Reconnaître des droits à la nature permet donc de ne plus subordonner sa défense à l’existence d’intérêts humains en péril.
Thomas Berry, l’un des pionniers de l’institutionnalisation de ces droits de la Nature
L’un des pionniers de l’institutionnalisation de ces droits de la Nature, Thomas Berry *, historien des cultures, a mis en exergue un triptyque des droits fondamentaux auxquels peut prétendre toute entité du vivant : celui d’exister, de disposer d’un habitat et de jouer son propre rôle dans les cycles de la communauté de la terre.
Plusieurs textes de référence ont été adoptés en la matière : en 2008 la Constitution équatorienne, en 2010 la loi cadre bolivienne sur les Droits de la Terre et la Déclaration universelle des droits de la Terre Mère ou encore en 2016 la Déclaration mondiale de l’Union Internationale pour la Conservation de la Nature (UICN) qui a le mérite d’avoir fédéré autour de ces préoccupations majeures l’Asie, l’Afrique, l’Europe de l’Est et l’Asie centrale , l’Europe, la Méditerranée, l’Amérique du Nord, l’Océanie et Mexico.

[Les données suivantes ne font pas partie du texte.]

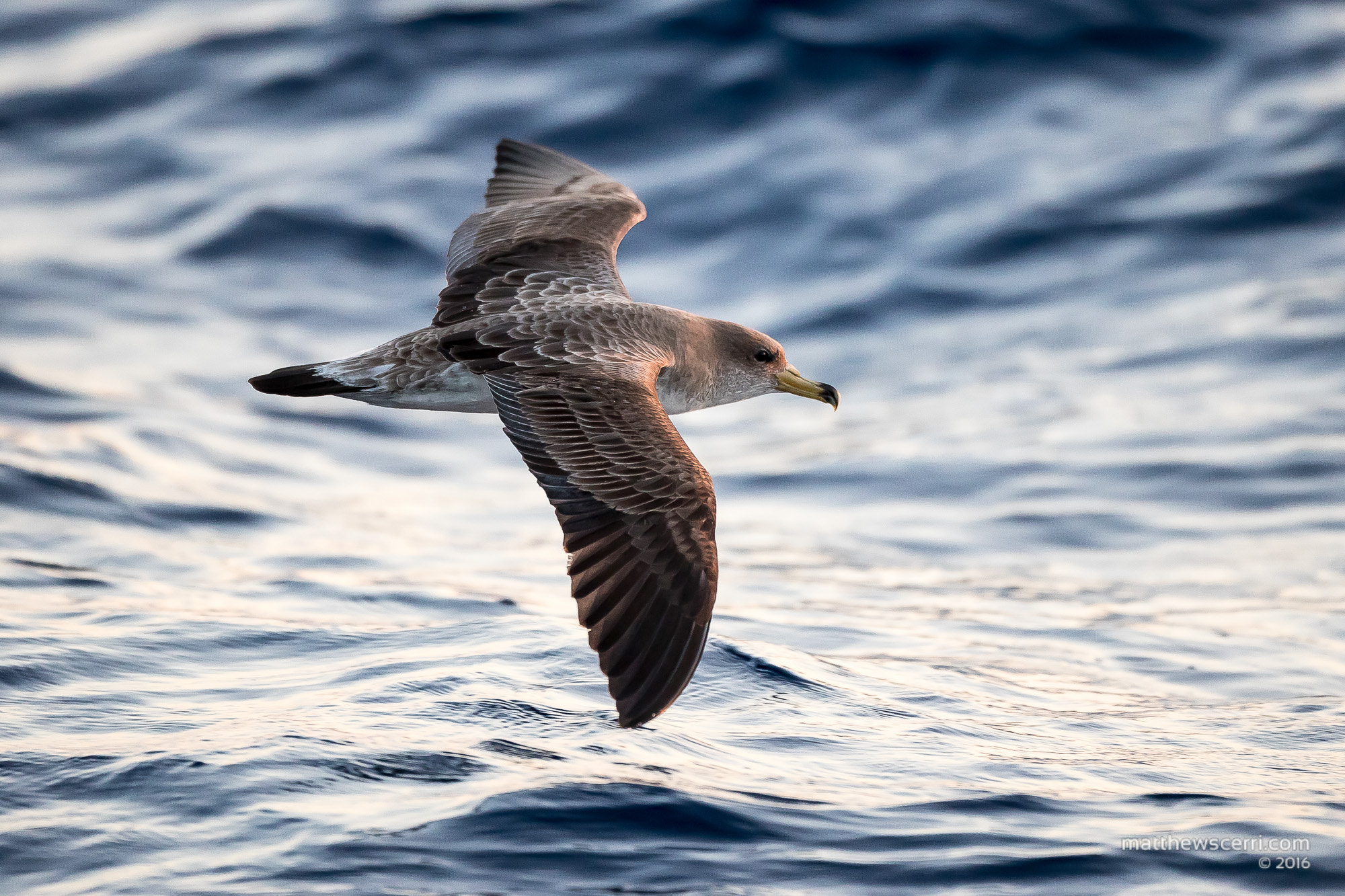 Canon EF 500mm F4L IS USM sample photo. Scopoli's shearwater at sunset photography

La liste de ces droits est claire et sans équivoque. On y trouve le droit à la vie, au respect, à la régénération, à l’identité propre, le droit à l’air pur, l’eau, le droit à la pleine santé, le droit de ne pas être pollué, de ne pas être transformé ni génétiquement modifié, et enfin le droit à réparation en cas de violation.. !
Comment la nature peut défendre ses droits
Ceci étant posé, reste la question de savoir comment la nature peut défendre ses droits puisque ceux-ci demeurent différenciés. Seule une approche systémique est adaptée à la cause : les insectes ont des droits d’insectes et les rivières des droits de rivière.
Autrement dit on ne saurait reconnaître une quelconque violation d’un droit de la nature si un poisson est pêché. Un tribunal ne pourra être saisi que si l’entier de l’écosystème se trouve avoir été dégradé en l’occurrence la rivière polluée par exemple et qu’il y a mise en péril de sa capacité à se régénérer.
Face à ce faisceau d’informations et d’indices laissant augurer de la bonne volonté de tout un chacun à trouver des solutions aux périls qui nous guettent, un constat s’impose : Le temps est venu de transformer notre vision !
L’enseignement est à ce niveau une dynamique essentielle pour aider les juristes à transformer celle qu’ils ont de leur discipline, et les jeunes celle qu’ils ont du monde.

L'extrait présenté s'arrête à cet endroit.